Mantan Anggota DPRK Aceh Selatan T,. SUKANDI Sudah Saatnya Aceh Selatan Merger Bergabung Kembali Dengan Tiga Kabupaten Tetangga Aceh Singkil Subulussalam Dan Abdya
Sigerindo Aceh Selatan- Aceh Selatan saat ini sudah memasuki Krieteria Kabupaten bangkrut bila devisit anggaran berturut turut sampai 3 tahun devisitnya dan angka devisitnya melampaui 7 %, dari APBKnya maka Kabupaten itu tinggal memilih merger (bergabung) dengan kabupaten tetangganya.
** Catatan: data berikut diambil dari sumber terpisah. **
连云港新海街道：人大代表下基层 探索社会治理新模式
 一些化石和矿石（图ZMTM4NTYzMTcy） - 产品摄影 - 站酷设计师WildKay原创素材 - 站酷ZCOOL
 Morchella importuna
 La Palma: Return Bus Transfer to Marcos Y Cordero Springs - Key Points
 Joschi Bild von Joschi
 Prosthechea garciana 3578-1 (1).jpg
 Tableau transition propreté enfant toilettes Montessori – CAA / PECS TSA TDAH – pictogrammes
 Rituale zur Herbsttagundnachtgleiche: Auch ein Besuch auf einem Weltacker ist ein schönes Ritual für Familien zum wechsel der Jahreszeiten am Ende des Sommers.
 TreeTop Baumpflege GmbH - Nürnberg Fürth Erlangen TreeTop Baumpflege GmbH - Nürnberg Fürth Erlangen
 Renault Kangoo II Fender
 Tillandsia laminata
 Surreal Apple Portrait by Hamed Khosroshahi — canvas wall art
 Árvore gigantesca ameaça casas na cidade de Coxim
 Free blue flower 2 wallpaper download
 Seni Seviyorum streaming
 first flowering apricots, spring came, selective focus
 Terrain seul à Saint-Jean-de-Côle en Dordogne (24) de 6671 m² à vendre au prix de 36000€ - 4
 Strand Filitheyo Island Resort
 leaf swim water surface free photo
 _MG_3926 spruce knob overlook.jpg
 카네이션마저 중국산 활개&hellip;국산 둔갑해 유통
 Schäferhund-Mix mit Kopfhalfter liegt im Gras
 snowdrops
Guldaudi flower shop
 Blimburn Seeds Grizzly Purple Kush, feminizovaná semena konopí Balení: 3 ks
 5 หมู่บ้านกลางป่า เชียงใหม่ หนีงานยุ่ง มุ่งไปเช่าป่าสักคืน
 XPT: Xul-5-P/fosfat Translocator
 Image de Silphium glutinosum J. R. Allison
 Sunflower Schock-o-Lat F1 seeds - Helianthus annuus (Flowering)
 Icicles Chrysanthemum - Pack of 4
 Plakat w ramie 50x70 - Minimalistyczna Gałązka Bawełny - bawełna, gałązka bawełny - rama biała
Demikian ungkap mantan Anggota DPRK Aceh Selatan T Sukandi kepada Wartawan.
Dan ini merupakan pilihan terakhir bagi sebuah daerah yang sekarang ini jangankan ditambah nilai jumlahnya malah akan dilakukan pemangkasan oleh Bupati Aceh Selatan
Maka Mantan anggota DPRK Aceh Selatan T.Sukandi menyarankan pada Bupati Tgk.Amran bila tidak mampu lagi memberikan Tambahan Penghasilan Pegawai (TPP) yang ingkrut di dalamnya TC dan TBK dan lainya untuk ASN di Kabupaten Aceh Selatan.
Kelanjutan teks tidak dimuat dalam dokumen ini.